Hsu Yi-Fang, Waszak Florian, Hämäläinen Jarmo A
Department of Educational Psychology and Counselling, National Taiwan Normal University, Taipei, Taiwan.
Institute for Research Excellence in Learning Sciences, National Taiwan Normal University, Taipei, Taiwan.
Front Hum Neurosci. 2019 Feb 15;13:30. doi: 10.3389/fnhum.2019.00030. eCollection 2019.
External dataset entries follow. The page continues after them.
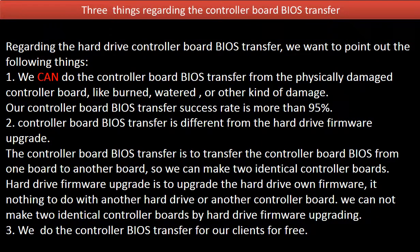Regarding the hard drive controller board BIOS transfer, we want to point out the following things. 1. We can do the controller board BIOS transfer from a physically damaged controller board — like burned, watered, or other kinds of damage. Our controller board BIOS transfer success rate is more than 95%. 2. Controller board BIOS transfer is different from hard drive firmware upgrade. The controller board BIOS transfer is to transfer the controller board BIOS from one board to another board, so we can make two identical controller boards.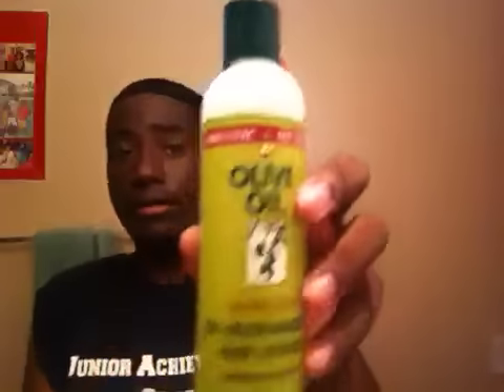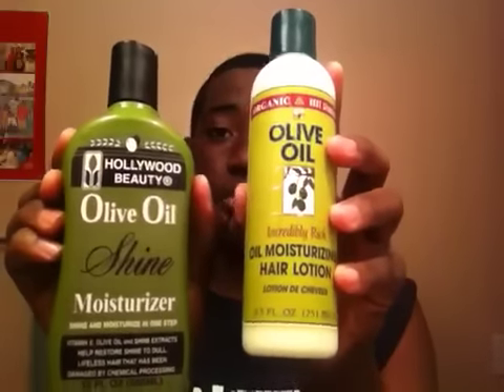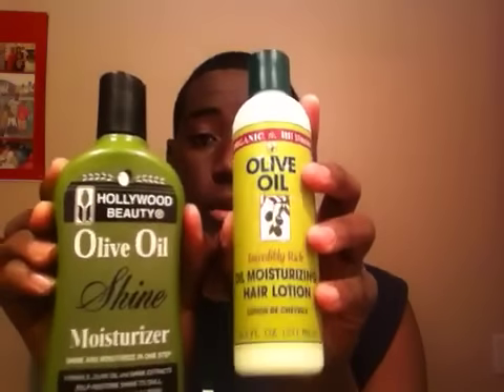Another great product I use is olive oil. I actually have two of these and both are great products. It's pretty much like it says — oil moisturizer — and it really helps your scalp.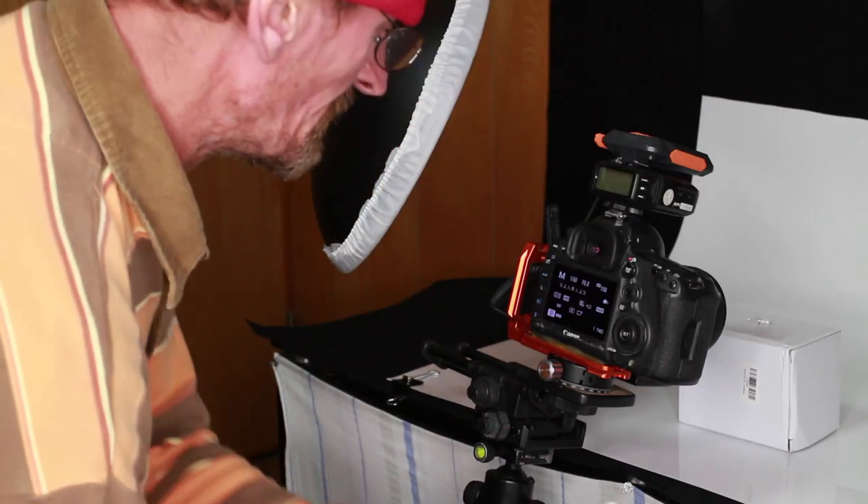Now I'm going to go and get set up. Once I'm set up I'll take you through the gear and show you how I shoot. When I finish shooting I'll come back to the computer and we'll go through how we edit and process the macro stack using Photoshop — it's an automated process so it happens very quickly. Once that's done you'll be all set to go out and try focus stacking for yourselves.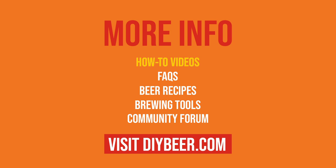For more how-to videos, FAQs, beer recipes, online brewing tools, including a community forum to chat to thousands of brewers across the globe and more, visit DIYbeer.com today.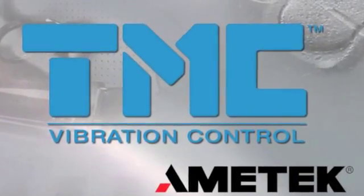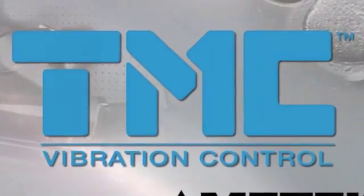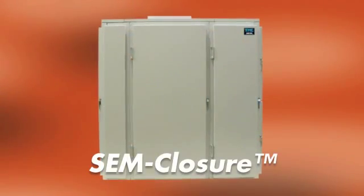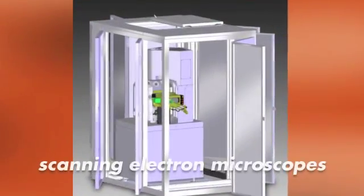TMC, a unit of Ametek Ultra Precision Technologies and a world leader in high performance vibration control, introduces SEMCLOSURE, an acoustic enclosure designed specifically for scanning electron microscopes.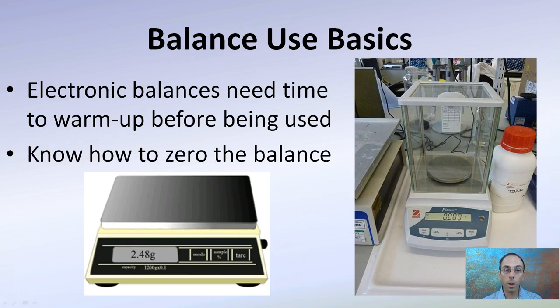Balance basics: electronic balances need time to warm up before being used. Often this is not a very long time, but it can feel that way. Sometimes they do a countdown until they're ready; other times there is a required warm-up period. Especially with higher-end balances, they can take 5, sometimes 10 or 15 minutes to warm up.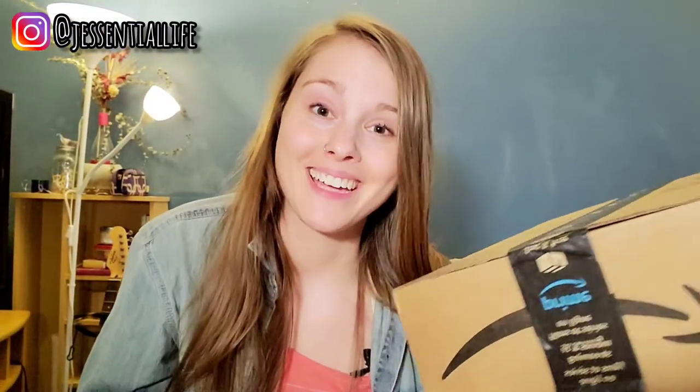Hey there, Jessie here from my YouTube channel Essential Life, a place where I post videos on essential oils. Today we'll be opening up a package which is an essential oil case. I'll be reviewing it and showing you what it's like, so that if it's something that interests you, you can click the link below — and if not, you'll know that you don't want it before you buy it.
The predictive coding model of perception proposes that successful representation of the perceptual world depends upon canceling out the discrepancy between prediction and sensory input (i.e., prediction error). Recent studies further suggest a distinction to be made between prediction error triggered by non-predicted stimuli of different prior precision (i.e., inverse variance). However, it is not fully understood how prediction error with different precision levels is minimized in the predictive process. Here, we conducted a magnetoencephalography (MEG) experiment which orthogonally manipulated prime-probe relation (for contextual precision) and stimulus repetition (for perceptual learning which decreases prediction error). We presented participants with cycles of tone quartets which consisted of three prime tones and one probe tone of randomly selected frequencies. Within each cycle, the three prime tones remained identical while the probe tones changed once at some point (e.g., from repetition of 123X to repetition of 123Y). Therefore, the repetition of probe tones can reveal the development of perceptual inferences in low and high precision contexts depending on their position within the cycle. We found that the two conditions resemble each other in terms of N1m modulation (as both were associated with N1m suppression) but differ in terms of N2m modulation. While repeated probe tones in low precision context did not exhibit any modulatory effect, repeated probe tones in high precision context elicited a suppression and rebound of the N2m source power. The differentiation suggested that the minimization of prediction error in low and high precision contexts likely involves distinct mechanisms.
感知的预测编码模型提出,对感知世界的成功表征取决于消除预测与感官输入之间的差异(即预测误差)。最近的研究进一步表明,由具有不同先验精度(即逆方差)的非预测刺激引发的预测误差之间存在差异。然而,对于在预测过程中如何最小化不同精度水平的预测误差,目前尚未完全理解。在此,我们进行了一项脑磁图(MEG)实验,该实验正交操纵了启动-探测关系(用于情境精度)和刺激重复(用于减少预测误差的感知学习)。我们向参与者呈现了由三个启动音和一个随机选择频率的探测音组成的音四元组循环。在每个循环中,三个启动音保持不变,而探测音在某个点会改变一次(例如,从123X的重复变为123Y的重复)。因此,探测音的重复可以揭示在低精度和高精度情境中感知推理的发展,这取决于它们在循环中的位置。我们发现,这两种情况在N1m调制方面相似(因为两者都与N1m抑制相关),但在N2m调制方面不同。虽然在低精度情境中重复的探测音没有表现出任何调制效应,但在高精度情境中重复的探测音引发了N2m源功率的抑制和反弹。这种差异表明,在低精度和高精度情境中最小化预测误差可能涉及不同的机制。